The same can be said for Yeast Extract, Salt, Mineral Salt (508), Malt Extract (From Barley), Natural Colour. ‘We’re happy little Vegemites’ and the music that carried those lyrics made Vegemite a household name too. The piece was a radio ad first, and a TV commercial later to capture different audiences. But it was the tune Australia fell in love with.
Or Navy Beans, Tomato sauce, salt and sugar - AKA SPC Baked Beans and Spaghetti ‘for hungry little human beans’, which in The Studio at SCA’s Sydney office we recently freshened up so a new generation could enjoy one of Australia’s most loved jingles.
Instinctively, we’ve always know the power of sound and music. After all, our neural and physiological response to music is all based on instinct. With just two notes, you can create feelings of pride, fear, tension, happiness, surprise, and many more - An instant understanding of a feeling in seconds. These are all mental shortcuts that are very handy in advertising, both for their swiftness of response when time is at a premium (when is it not?) and to seduce the subconscious.
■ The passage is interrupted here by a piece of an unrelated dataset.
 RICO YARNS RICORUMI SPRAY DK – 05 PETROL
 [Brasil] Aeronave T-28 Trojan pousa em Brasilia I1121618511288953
Music is sometimes underrated as a learning tool also. Need to get a three year old to remember a series of 26 characters, in order? Easy. Put it to music, and that three year old will know the alphabet in no time.
We’ve instinctively known the power of music in advertising for years. But now, we know it empirically.
At the Studio at SCA, we’ve just announced an exclusive partnership with global audio benchmarking leaders Veritonic. At the three month mark into the partnership, we’ve worked on audio logos for brands large and small, and every one of those has been a learning experience.
With start-up health company That Hippie Co, we were able to create an audio logo (we call it a BRANDSOUND) that embodied their brand values precisely before a single ad had gone to air. Interestingly, many of the brand cues for That Hippie Co came from their visual guidelines. If a brand’s visual assets were created for a psychological reasons, then their audio assets can be too.
SPC Baked Beans and Spaghetti was interesting - we knew (courtesy of Veritonic) that the old jingle was still well loved and evoked feelings of fun and excitement, but it was suffering lack of relevance because it hadn’t been refreshed. Our learnings gave us the clarity and confidence to know all we had to do was take Mike Brady’s old score which was perfect, and bring the audio into the now.
Working on a retail brand recently, we were able to test a BRANDSOUND for its appeal with the brand’s chosen target, live during the creation process. We’d hit a creative fork in the road and there were two distinct paths we were able to take with the brand sonically. We tested the two versions against each other for their emotional value using the millions of data points available to us through the Veritonic Machine Listening (AI) feature and had results in under two minutes. We were even able to benchmark the brand against its competitors to create distinctive assets that have higher emotional appeal.
Brand is a feeling, not a visual image. Any feeling that can be created with colour can also be created with sound. The only part we’ve been lacking until now is the ability to test emotional response to sounds accurately. If you have a blue and orange visual logo, we can create you a ‘blue and orange’ audio logo. We use a mix of AI and audience panel testing to match the emotional attribution across visual and audio assets precisely.
In a world where audio consumption is growing and smart speaker usage in homes is also on the rise, it’s time for brands to capitalise on the opportunity that VB, Vegemite, Cottee’s and many other brands knew instinctively many years ago. The difference is now, we have the science to back it up.